This protocol details the fabrication of a 2 layer PDMS device, consisting of a valve layer (top) and channel layer (below). It is assumed that masters for respective layers have already been fabricated (see Godin:Protocols/SU-8 Master, Godin:Protocols/AZ Master). The idea is to modify the silicone elastomer base to curing agent ratio, thereby modifying PDMS elasticity.

Valve Layer

  • Mix PDMS 7:1

For most devices, 80g of PDMS is sufficient to produce reasonably-sized devices. Weigh 70g of silicone elastomer base on the scale using the weighing dish, then add 10g of curing agent. Make sure to maintain the 7:1 ratio; if too much is added, add more base as required. Use a pipette tip to mix the solution for 10 min under the fume hood. Blow dry the valve master with nitrogen, and place in a polystyrene dish. Use Scotch tape to fix the wafer at the center of the dish by taping all sides. We want to prevent the wafer from floating up, or PDMS from getting under the wafer once it's poured in.

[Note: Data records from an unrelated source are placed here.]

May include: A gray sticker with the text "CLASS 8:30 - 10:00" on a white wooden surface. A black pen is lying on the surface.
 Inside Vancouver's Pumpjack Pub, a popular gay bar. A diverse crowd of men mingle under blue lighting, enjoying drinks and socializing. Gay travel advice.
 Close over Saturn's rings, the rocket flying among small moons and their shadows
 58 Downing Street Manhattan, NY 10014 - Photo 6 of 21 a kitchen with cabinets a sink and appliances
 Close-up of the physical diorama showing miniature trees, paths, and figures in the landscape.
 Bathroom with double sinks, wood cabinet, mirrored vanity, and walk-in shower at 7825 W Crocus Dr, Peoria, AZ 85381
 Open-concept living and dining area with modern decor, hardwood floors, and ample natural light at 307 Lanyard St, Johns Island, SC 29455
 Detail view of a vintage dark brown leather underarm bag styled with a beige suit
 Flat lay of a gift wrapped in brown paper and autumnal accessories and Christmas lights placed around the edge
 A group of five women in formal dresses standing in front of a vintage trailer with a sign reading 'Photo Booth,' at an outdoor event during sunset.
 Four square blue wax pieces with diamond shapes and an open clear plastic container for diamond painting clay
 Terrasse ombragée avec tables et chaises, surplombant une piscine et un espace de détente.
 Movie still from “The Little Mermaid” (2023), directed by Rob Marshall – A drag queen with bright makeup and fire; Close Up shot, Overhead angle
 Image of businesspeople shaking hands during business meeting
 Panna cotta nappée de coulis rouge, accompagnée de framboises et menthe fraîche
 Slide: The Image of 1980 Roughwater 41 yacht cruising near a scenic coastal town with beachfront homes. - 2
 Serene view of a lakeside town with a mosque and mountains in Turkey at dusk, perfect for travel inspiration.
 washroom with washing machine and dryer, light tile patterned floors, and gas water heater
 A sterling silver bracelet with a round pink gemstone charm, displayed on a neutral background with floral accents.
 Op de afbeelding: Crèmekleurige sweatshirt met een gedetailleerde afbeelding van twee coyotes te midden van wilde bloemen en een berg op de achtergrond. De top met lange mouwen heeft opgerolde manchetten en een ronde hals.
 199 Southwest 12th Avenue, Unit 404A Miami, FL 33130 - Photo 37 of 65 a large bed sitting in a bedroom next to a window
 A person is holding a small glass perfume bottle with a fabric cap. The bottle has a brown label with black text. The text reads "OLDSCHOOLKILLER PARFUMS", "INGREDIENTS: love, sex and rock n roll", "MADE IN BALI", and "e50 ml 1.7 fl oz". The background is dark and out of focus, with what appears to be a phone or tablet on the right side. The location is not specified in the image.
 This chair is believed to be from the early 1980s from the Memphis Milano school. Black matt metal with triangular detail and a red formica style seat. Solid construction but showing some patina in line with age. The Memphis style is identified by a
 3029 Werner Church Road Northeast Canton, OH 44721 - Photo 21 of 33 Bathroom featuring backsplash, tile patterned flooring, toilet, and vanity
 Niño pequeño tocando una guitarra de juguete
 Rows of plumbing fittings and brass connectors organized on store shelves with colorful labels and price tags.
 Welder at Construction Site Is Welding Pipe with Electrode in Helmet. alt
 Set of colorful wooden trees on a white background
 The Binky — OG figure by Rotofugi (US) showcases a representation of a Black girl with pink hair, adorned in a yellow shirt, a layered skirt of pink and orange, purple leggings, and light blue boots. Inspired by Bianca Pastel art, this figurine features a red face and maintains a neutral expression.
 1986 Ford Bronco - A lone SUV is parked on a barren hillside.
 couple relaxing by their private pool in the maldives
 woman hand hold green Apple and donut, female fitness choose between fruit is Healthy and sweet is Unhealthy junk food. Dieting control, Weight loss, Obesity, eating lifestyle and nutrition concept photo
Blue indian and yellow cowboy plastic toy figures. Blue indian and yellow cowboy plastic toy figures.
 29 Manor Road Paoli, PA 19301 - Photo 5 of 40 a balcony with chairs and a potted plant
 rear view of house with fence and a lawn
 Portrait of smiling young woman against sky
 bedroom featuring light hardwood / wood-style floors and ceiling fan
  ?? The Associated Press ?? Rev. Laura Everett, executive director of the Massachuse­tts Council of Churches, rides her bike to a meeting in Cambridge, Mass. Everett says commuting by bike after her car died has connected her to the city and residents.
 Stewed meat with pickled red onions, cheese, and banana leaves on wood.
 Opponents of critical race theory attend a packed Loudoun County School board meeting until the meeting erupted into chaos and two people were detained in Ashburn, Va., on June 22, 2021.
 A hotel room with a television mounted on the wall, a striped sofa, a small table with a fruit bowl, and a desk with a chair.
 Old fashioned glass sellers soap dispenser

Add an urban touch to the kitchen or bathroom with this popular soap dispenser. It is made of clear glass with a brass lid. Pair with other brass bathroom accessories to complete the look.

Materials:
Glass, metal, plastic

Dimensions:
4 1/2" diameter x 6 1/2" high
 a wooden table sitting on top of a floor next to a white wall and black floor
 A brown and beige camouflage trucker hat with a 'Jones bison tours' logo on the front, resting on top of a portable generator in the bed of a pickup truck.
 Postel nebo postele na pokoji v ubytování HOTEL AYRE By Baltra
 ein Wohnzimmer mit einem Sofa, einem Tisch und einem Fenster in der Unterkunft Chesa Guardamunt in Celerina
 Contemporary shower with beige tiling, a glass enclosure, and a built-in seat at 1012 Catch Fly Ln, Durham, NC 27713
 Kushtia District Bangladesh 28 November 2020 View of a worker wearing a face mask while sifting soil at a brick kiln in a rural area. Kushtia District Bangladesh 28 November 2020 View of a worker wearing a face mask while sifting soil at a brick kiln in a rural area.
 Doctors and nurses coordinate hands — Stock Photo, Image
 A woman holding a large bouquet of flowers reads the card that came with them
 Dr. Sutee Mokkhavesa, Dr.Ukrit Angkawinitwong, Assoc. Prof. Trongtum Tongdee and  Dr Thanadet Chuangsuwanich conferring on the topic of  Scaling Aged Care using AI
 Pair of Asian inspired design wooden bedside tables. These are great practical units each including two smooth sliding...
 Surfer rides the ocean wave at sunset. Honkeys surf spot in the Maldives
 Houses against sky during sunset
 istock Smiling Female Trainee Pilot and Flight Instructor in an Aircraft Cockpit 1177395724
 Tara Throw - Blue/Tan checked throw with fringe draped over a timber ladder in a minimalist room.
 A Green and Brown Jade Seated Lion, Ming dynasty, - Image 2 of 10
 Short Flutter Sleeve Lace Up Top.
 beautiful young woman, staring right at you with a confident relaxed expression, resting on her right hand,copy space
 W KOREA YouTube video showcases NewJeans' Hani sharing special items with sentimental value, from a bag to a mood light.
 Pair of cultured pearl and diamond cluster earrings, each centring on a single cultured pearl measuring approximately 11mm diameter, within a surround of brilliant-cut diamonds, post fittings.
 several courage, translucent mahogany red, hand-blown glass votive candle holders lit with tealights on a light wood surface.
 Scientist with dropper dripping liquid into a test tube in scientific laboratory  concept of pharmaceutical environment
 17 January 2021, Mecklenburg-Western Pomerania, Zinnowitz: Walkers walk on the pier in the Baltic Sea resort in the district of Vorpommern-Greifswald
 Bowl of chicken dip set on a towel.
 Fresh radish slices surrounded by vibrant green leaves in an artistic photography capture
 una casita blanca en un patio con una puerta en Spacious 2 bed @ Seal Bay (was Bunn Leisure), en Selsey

  • Aminosilane surface treatment

Place the dish in the vacuum chamber, along a 1μL drop of trichlorosilane a petri dish. Vacuum for 5 min, then wait 1 hour for it to coat the master. Full name: (tridecafluoro-1,1,2,2-tetrahydrooctyl)trichlorosilane

  • 30 min degass

Fill the dish with PDMS. Place the dish in the vacuum chamber, and allow it to degass for 30 minutes, or until it stops bubbling. To prevent overflow, you may have to periodically break vacuum and allow some bubbles to escape.

  • 24 min @ 80°C

The dish is now placed in the oven for 24 min at 80°C. The idea is to partially cure the PDMS, so it's solid but still somewhat sticky. Let the PDMS cool for about an hour afterwards; this will facilitate the next step.

  • Cut out devices

Cut out each device from the wafer. Be careful to avoid cutting near master features, as it will be reused for future devices. Valve holes are punched using the 0.75 mm diameter tool.

  • Cleaning

Rinse devices thoroughly with distilled water, making sure the water goes through the valve hole. Next, sonicate for 5 min in each of these solutions: soapy water, deionised water, ethanol and isopropanol. Dry with nitrogen, store in a closed clean dish.

Fluidic Layer

  • Mix PDMS 20:1

Prepare the PDMS as before, but with 10 g of base and 0.5 g of curing agent.

  • 30 min degass

Place the weighing dish in the vacuum chamber, degassing for 30 min.

  • Spin coat

Enter the clean room, cover the top of the spin coater in aluminum foil to facilitate future cleaning. Place the wafer on the spin coater using the wafer alignment tool, being very careful not to add bubbles. Set the program to D, or so as to have the following:

2 min @ 3000 RPM, ACL = 010 (15 microns)

  • 20 min @ 80°C

Place the wafer in a covered dish, exit clean room and place the wafer in the over for 20 min at 80°C.

Device Fabrication

  • Alignment and Oxygen Plasma

Enter the clean room with both the valve layer devices and channels. Use the mask aligner to carefully align the channels to the valves. Place the wafer and turn on vacuum in soft contact mode. Place a blank clean slide on the slide holder accessory, and vacuum it in place. Place your first device channels facing down beneath the glass slide. It should still be sticky enough to stay in place. Close the aligner lid, and adjust the channel position to correspond to the valve. You may do so first by eye, then by using the microscope. When all is in place, turn the elevation knob to lift the channels into the valves. This may require multiple XY adjustments to get it just right. When there is contact, turn the knob a bit further so as to make contact over the viewing area. Next, remove the sample vacuum to release the slide, and lift the lid. The slide should stay in place during plate lift. Peel off the glass slide, and put it back in position with vacuum. Continue as such until all valve PDMS pieces are positioned on the wafer. Be careful to lower the Z stage between devices, so as to not damage anything. Also note that the lid lifts in an arc, so move your wafer out of the way as necessary to prevent contact between PDMS devices.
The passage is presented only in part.